– Эшелон с немцами торчит, Батько!
– Куда едут?
– Бес их разберет.
– Чего ждут?
– Топливо кончилось. Акации рубят. Далеко слышен стук топоров.
На путях стояло как раз то, что они давно искали: оружие и припасы.
– Станция далеко? – еще поинтересовался Нестор.
– Рядом. Новогупаловка, и паровозы видно, пыхтят.
– Ладно. Скачи назад, передай Пантелею Каретнику, чтоб наблюдал. А мы сейчас займемся.
Махно решил так. Алексей Марченко с полусотней отправляется на станцию, захватывает два локомотива на парах и ждет. Если начнется стрельба – пускает их на австрийский эшелон.
– А зачем два? – не понял Марченко.
– Лучше переборщить, чем недосолить.
Алексей же Чубенко с опытными подрывниками едет в обратную сторону и минирует колею. Услышит, что идет бой – взрывает рельсы к чертовой бабушке!
Через некоторое время Нестор подозвал Александра Калашникова, секретаря гуляйпольской группы анархистов, только что освобожденного из тюрьмы вместе с Саввой Махно и уже отличившегося в бою под Синельниково. «Георгиевский кавалер. Сколько их у меня? – размышлял Батько. – Каждый, может, второй, но старые заслуги не в счет. Ты сегодня сверкни!»
– Так, Саша. Бери Лютого и кого бы еще… – сказал он Калашникову, оценивающе присматриваясь к нему. Молодцеватый, с лихо закрученными усиками, тот был прирожденным командиром: сам летел вперед и других увлекал без крика. Да задание предстояло особое. Справится ли?
– Кого еще? – напомнил Александр, глядя на Батьку без смущения.
– Да вот хоть этого кудрявого здоровилу. Он, надо полагать, не из робкого десятка. Позабыл, как тебя?
– Лев Задов, – представился повстанец, довольный, что на него обратили внимание.
– Помню. Агитатор. Пора и в дело. Ты, кажись, тоже из каторжан?
– Пять лет отбухал за теракты: почтовая контора, желдоркасса.
– Знакомо. А фамилия у тебя, Лева, извини, больше для бегства приспособлена, – Нестор прижмурил левый глаз.
– Я теперь Зиньковским прозываюсь.
– Ладно. Поедете, Александр, вон к австрийцам. Готов? – тот кивнул. – Предложите условия мира. Пусть возьмут себе на всякий случай десять карабинов и ящик-другой патронов. Остальное немедленно сложат. Понял? Немедленно! А не согласятся – хай пеняют на себя.

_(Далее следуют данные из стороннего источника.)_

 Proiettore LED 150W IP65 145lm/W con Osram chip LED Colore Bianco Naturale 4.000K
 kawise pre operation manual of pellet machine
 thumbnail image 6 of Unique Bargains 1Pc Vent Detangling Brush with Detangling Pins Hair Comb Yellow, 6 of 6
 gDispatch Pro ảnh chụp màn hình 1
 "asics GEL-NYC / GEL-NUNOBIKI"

Посланцы с белой тряпкой поскакали к железной дороге. Отсюда, из низины, ее не было видно. Махно велел приготовиться к бою. Тачанки, подводы, верховые рассредоточились и выезжали на пригорок. Могло показаться, что наступает целый полк. Было тихо, лишь в сухих крылатках ясеня позванивала синица.

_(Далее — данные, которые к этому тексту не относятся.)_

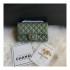 Chanel Lambskin 20cm Classic Flap Bag 1116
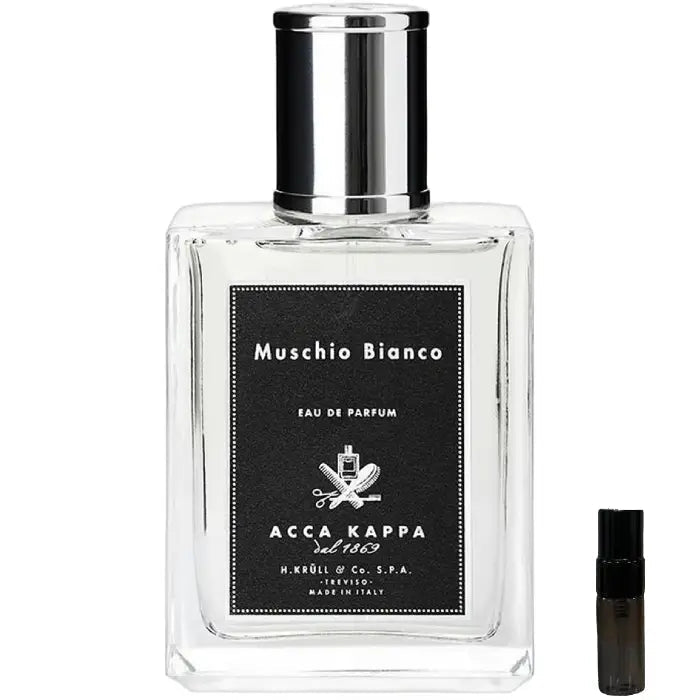 Acca Kappa Muschio Bianco - Eau de Parfum - LuxScents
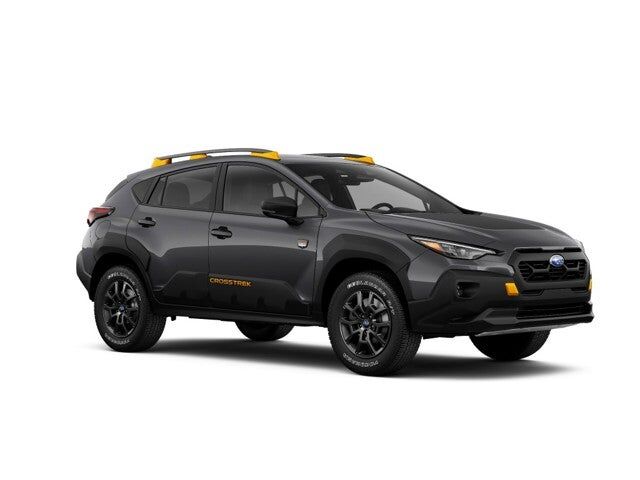 2027 SUBARU Crosstrek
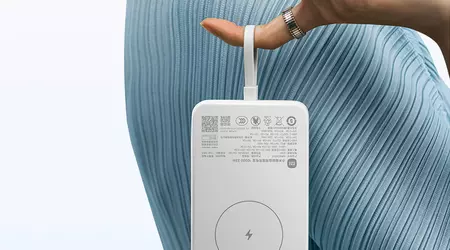 Xiaomi introducerer ny magnetisk trådløs powerbank med indbygget kabel og 33W hurtig opladning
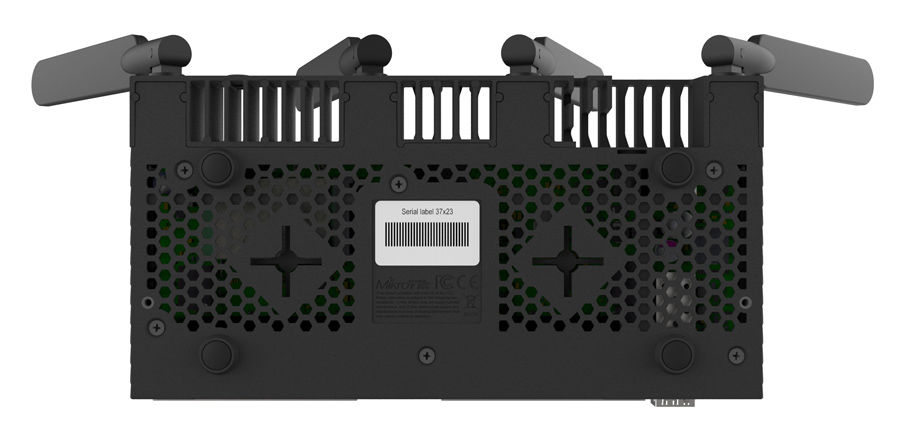 Wi fi роутер mikrotik rb4011igs 5hacq2hnd in обзор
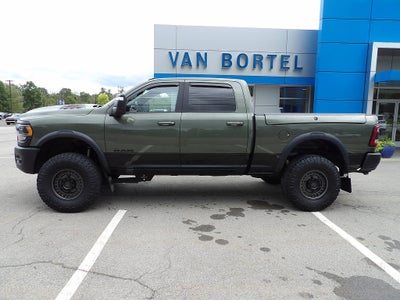 2023 RAM 2500 Power Wagon Crew Cab 4x4 6'4" Box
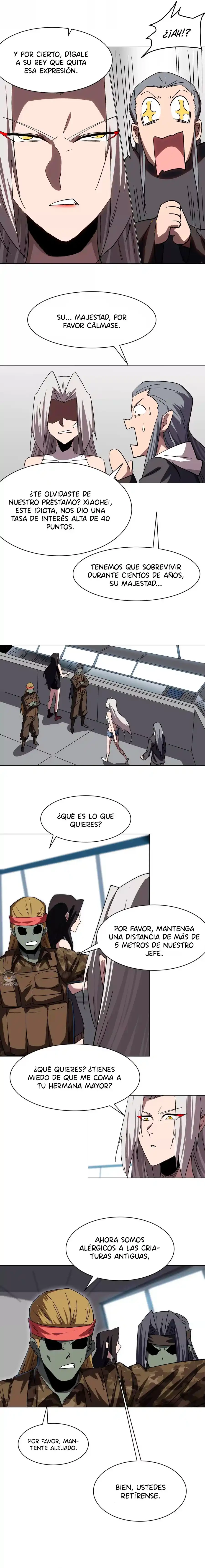 Sr Zombi capítulo 96, página 3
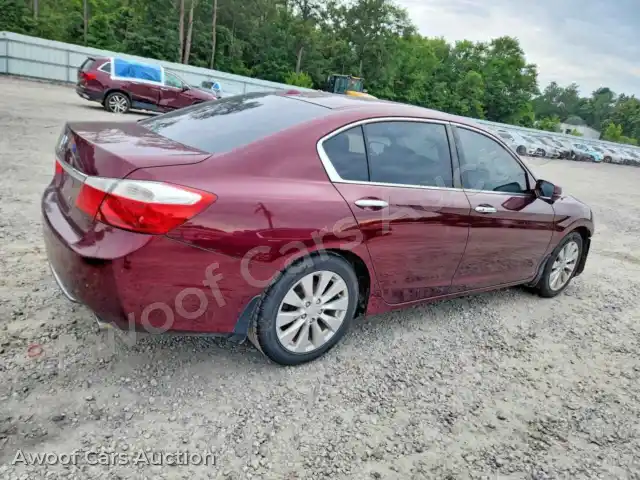 2013 Honda Accord 1HGCR2F89DA182391 — photo 3 de la vente Copart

У вагонов расхаживали военные. Завидев конных, они замерли, потом вроде заметили всю наступающую силу и забегали, вскрикивая. Нестор своих остановил. Зачем без нужды лезть под прицельный выстрел? Батько оглянулся. Лица повстанцев посуровели, в глазах горел боевой азарт. Рядом были хлопцы, битые под Старой Темировкой, Синельниково. А Фома Рябко, Гаврюша Троян, Иван Вакула да и другие перед самой революцией служили в украинизированном по распоряжению генерала Корнилова 34 армейском корпусе, который, единственный, еще сдерживал немцев на Юго-восточном фронте. Так что они давно познали цену дисциплине и упорству в бою.
От головного вагона к посланцам направился офицер. Александр Калашников спрыгнул с коня. «Напрасно! – Нестор недовольно пристукнул себя по колену. – Заколят и глазом не моргнут». Лютый и Задов-Зиньковский, однако, не спешились. Внимание Махно отвлек разведчик, что вернулся.
– Мы ошиблись, Батько. Там не один – два эшелона! Еще с той стороны стоит, незаметный.
– Тетери неощипанные! Нужно же глядеть в оба. Но теперь уже поздно. Значит, два возьмем. А не выедет, передай Пантелею, что я с него и с тебя шкуру спущу!